(a) Start by using the double angle formula:

\(\tan(2\theta + 2\theta) = \tan 4\theta = \frac{2 \tan 2\theta}{1 - \tan^2 2\theta}\)

Using \(\tan 2\theta = \frac{2 \tan \theta}{1 - \tan^2 \theta}\), substitute:

\(\tan 4\theta = \frac{2 \left( \frac{2 \tan \theta}{1 - \tan^2 \theta} \right)}{1 - \left( \frac{2 \tan \theta}{1 - \tan^2 \theta} \right)^2}\)

Simplify to get:

\(\tan 4\theta = \frac{4 \tan \theta (1 - \tan^2 \theta)}{(1 - \tan^2 \theta)^2 - 4 \tan^2 \theta}\)

Set \(\tan 4\theta = \frac{1}{2} \tan \theta\) and simplify:

\(4 \tan \theta (1 - \tan^2 \theta) = \frac{1}{2} \tan \theta ((1 - \tan^2 \theta)^2 - 4 \tan^2 \theta)\)

Cancel \(\tan \theta\) and solve:

\(8 (1 - \tan^2 \theta) = (1 - \tan^2 \theta)^2 - 4 \tan^2 \theta\)

Rearrange and simplify to get:

\(\tan^4 \theta + 2 \tan^2 \theta - 7 = 0\)

(b) Solve \(\tan^4 \theta + 2 \tan^2 \theta - 7 = 0\) by substituting \(x = \tan^2 \theta\):

\(x^2 + 2x - 7 = 0\)

Use the quadratic formula:

\(x = \frac{-2 \pm \sqrt{2^2 - 4 \times 1 \times (-7)}}{2 \times 1}\)

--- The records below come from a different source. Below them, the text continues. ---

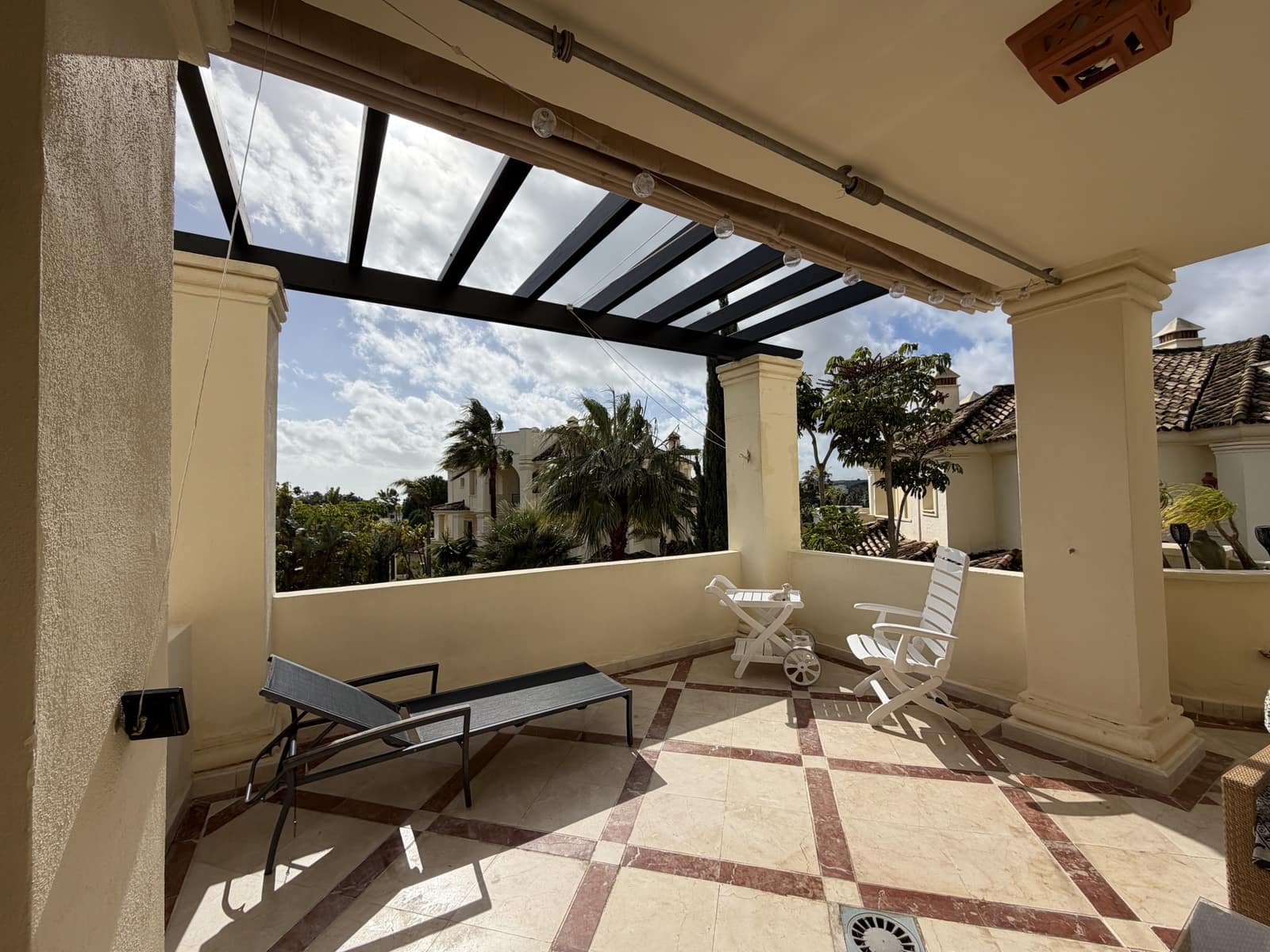 2 Zimmer Apartment zu verkaufen in Casares mit Pool Garage - 425.000 € (Ref: 9574176)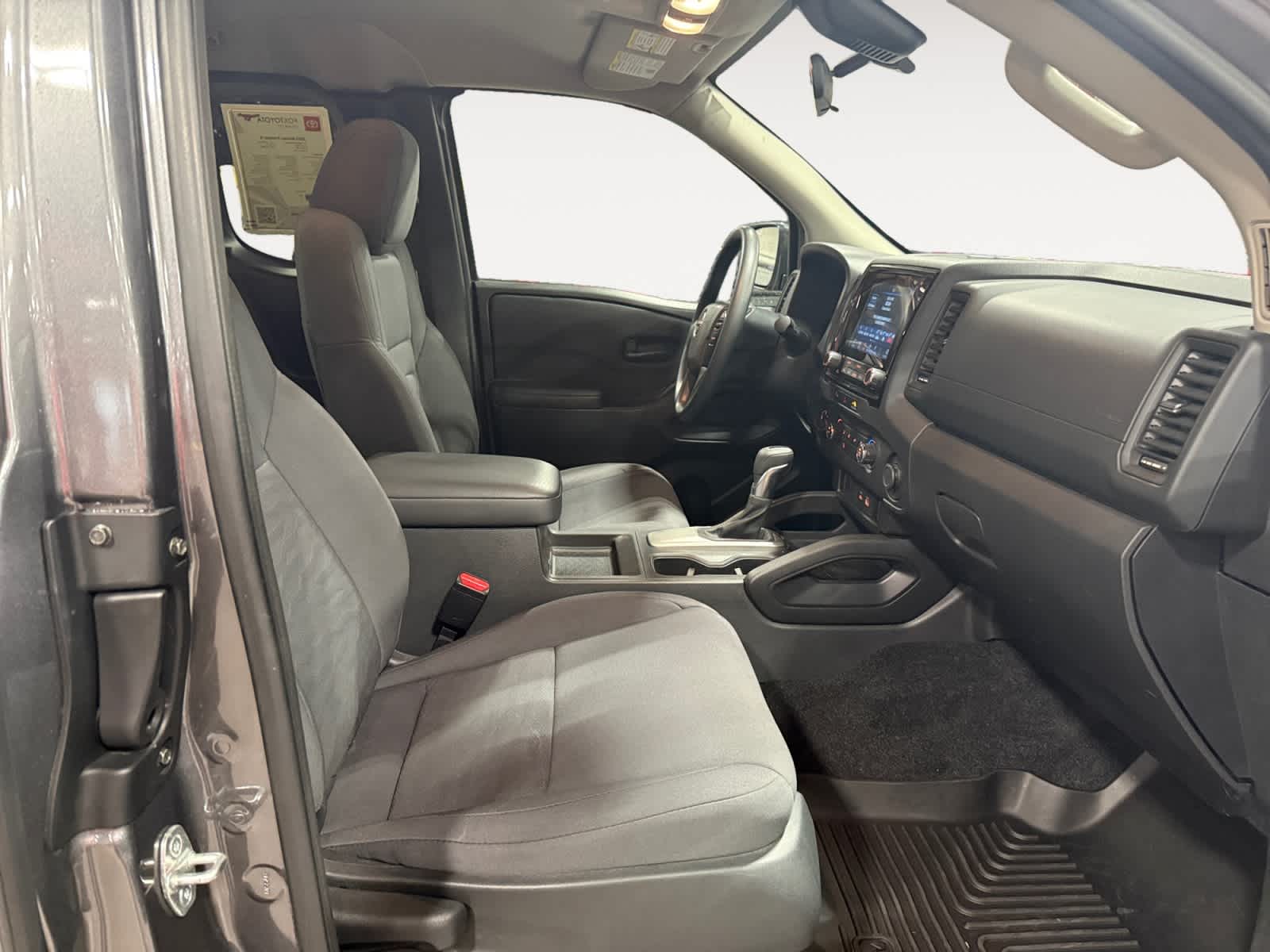 2023 Nissan Frontier S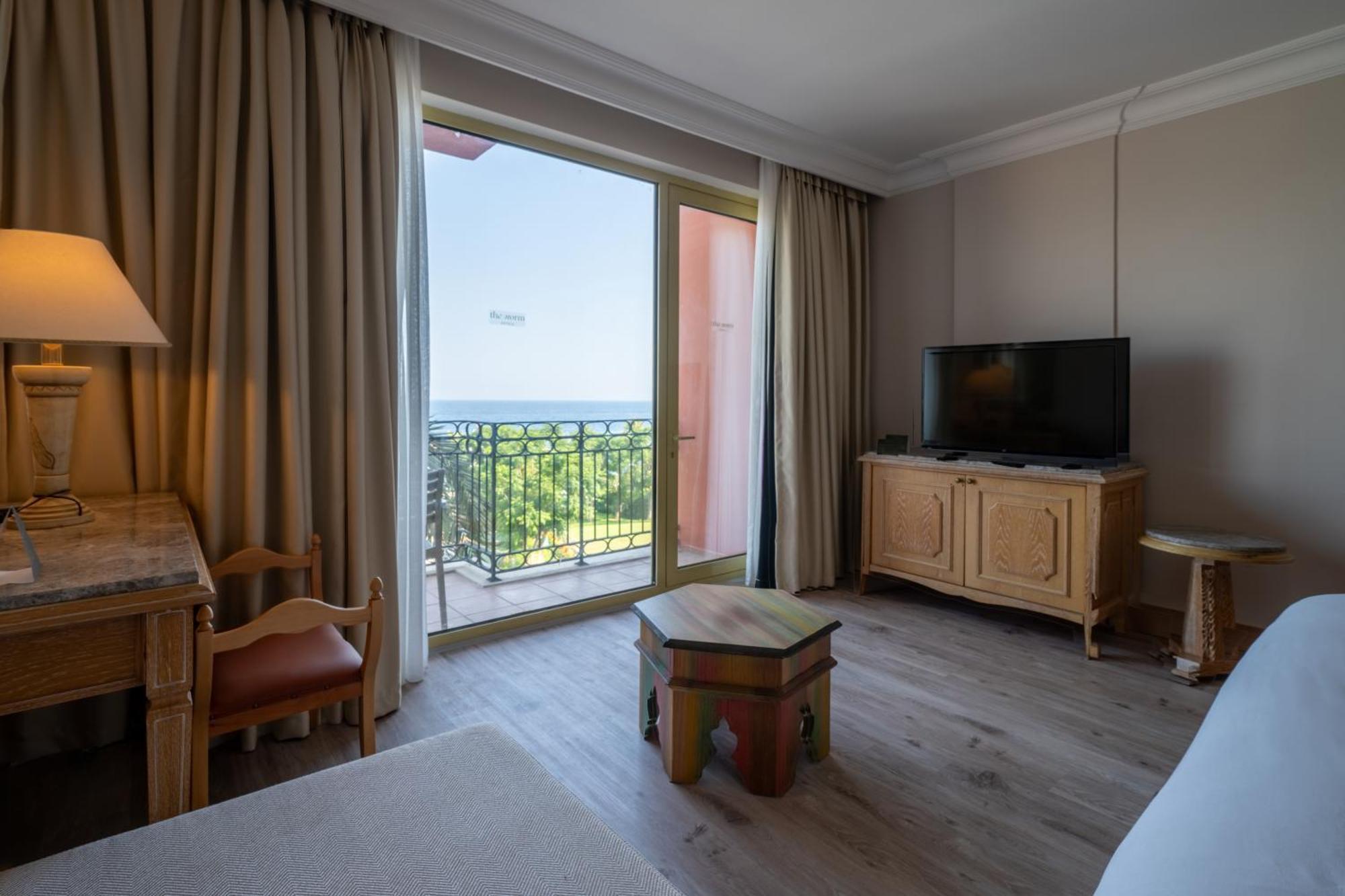 Standard Double or Twin Room with Side Sea View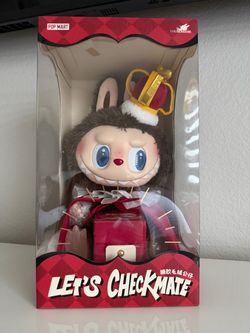 Big Labubu Lets Checkmate King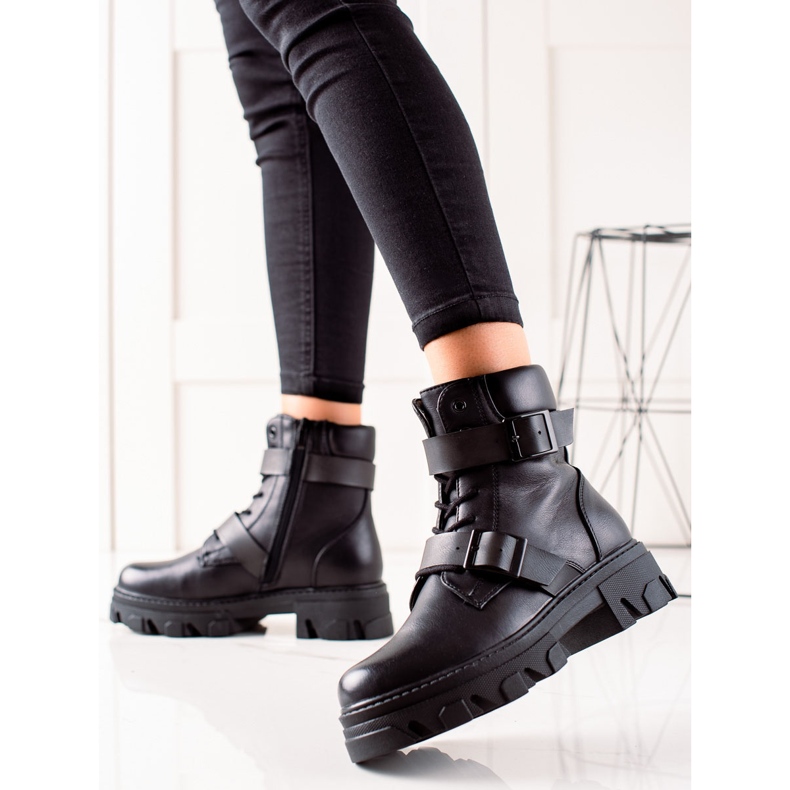 Arbeiter mit schwarzen Schnallen 1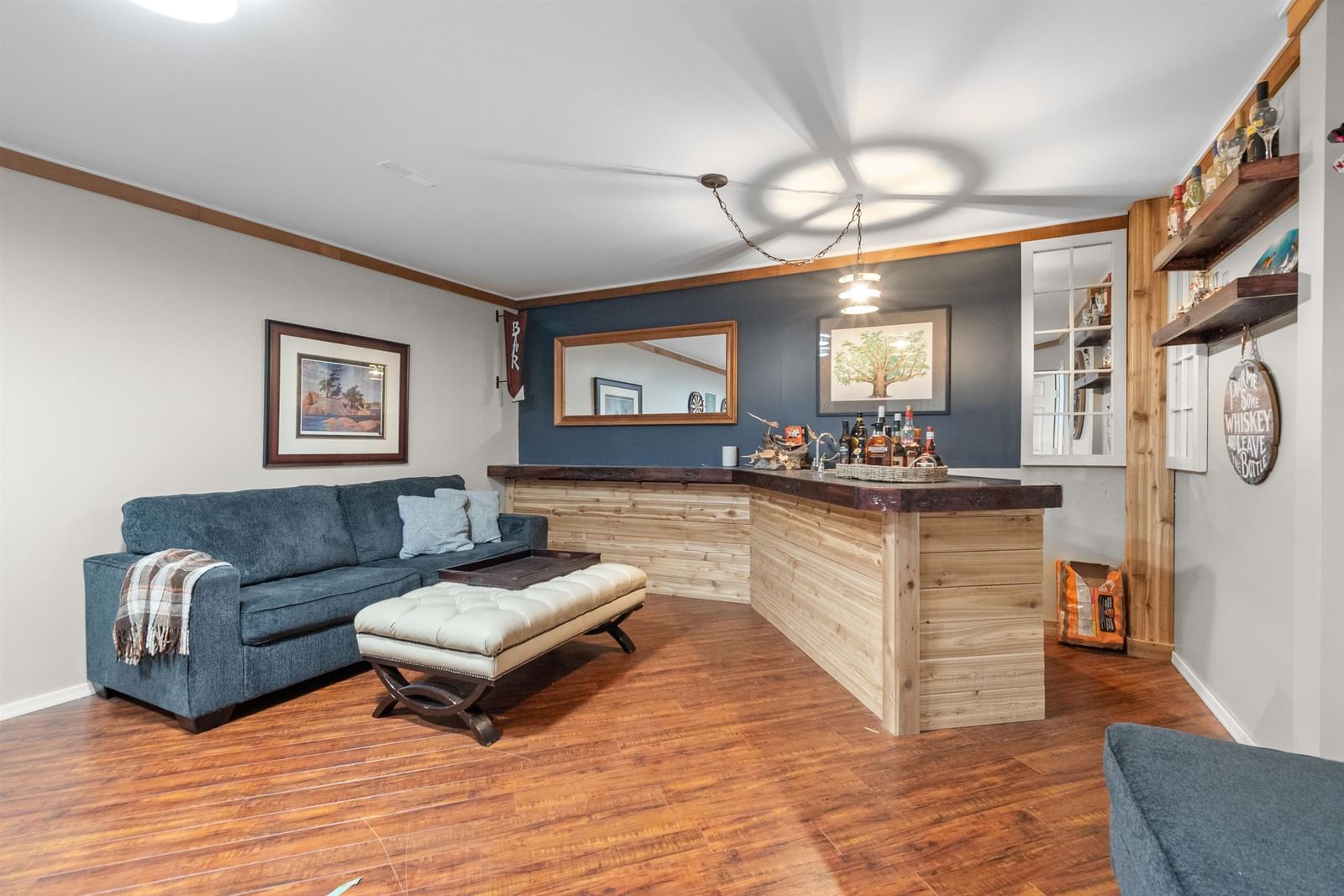 Listing Image 21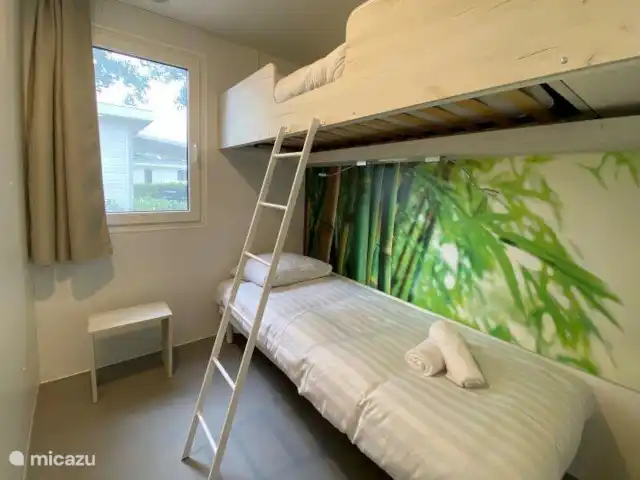 Comprar una casa pequeña en Países Bajos, Holanda Meridional, Dordrecht – Minicasa 2+2 con jacuzzi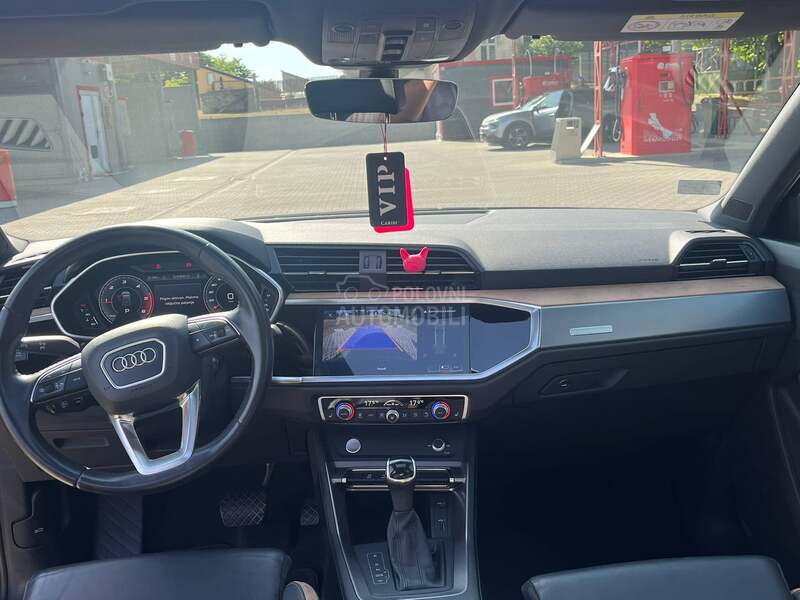 Audi Q3 S LINE/PANO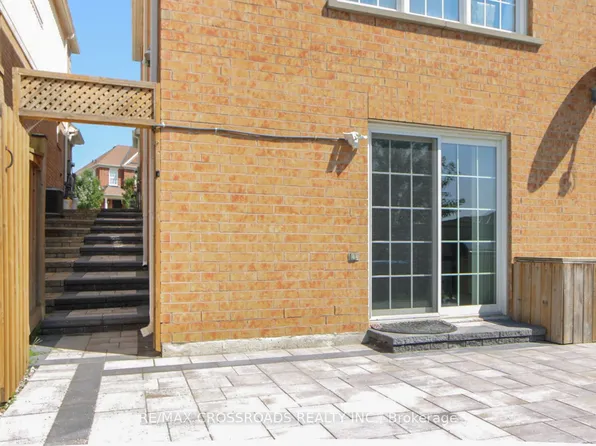 33 Netherway Cres, Ajax, ON L1T 4X6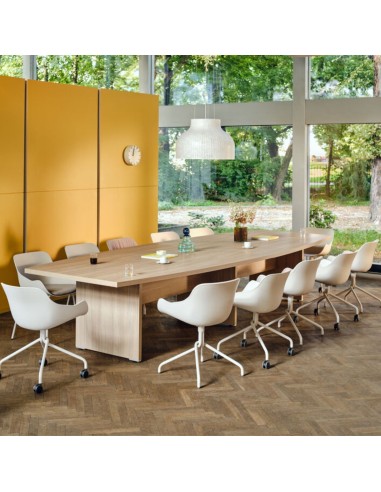 Sièges de travail blancs autour d'une grande table de conférence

\(x = \frac{-2 \pm \sqrt{4 + 28}}{2}\)

\(x = \frac{-2 \pm \sqrt{32}}{2}\)

\(x = \frac{-2 \pm 4\sqrt{2}}{2}\)

\(x = -1 \pm 2\sqrt{2}\)

Only positive \(x\) is valid: \(x = -1 + 2\sqrt{2}\)

\(\tan^2 \theta = -1 + 2\sqrt{2}\)

\(\tan \theta = \sqrt{-1 + 2\sqrt{2}}\)

Calculate \(\theta\) for \(0^\circ < \theta < 180^\circ\):

\(\theta = 53.5^\circ, 126.5^\circ\)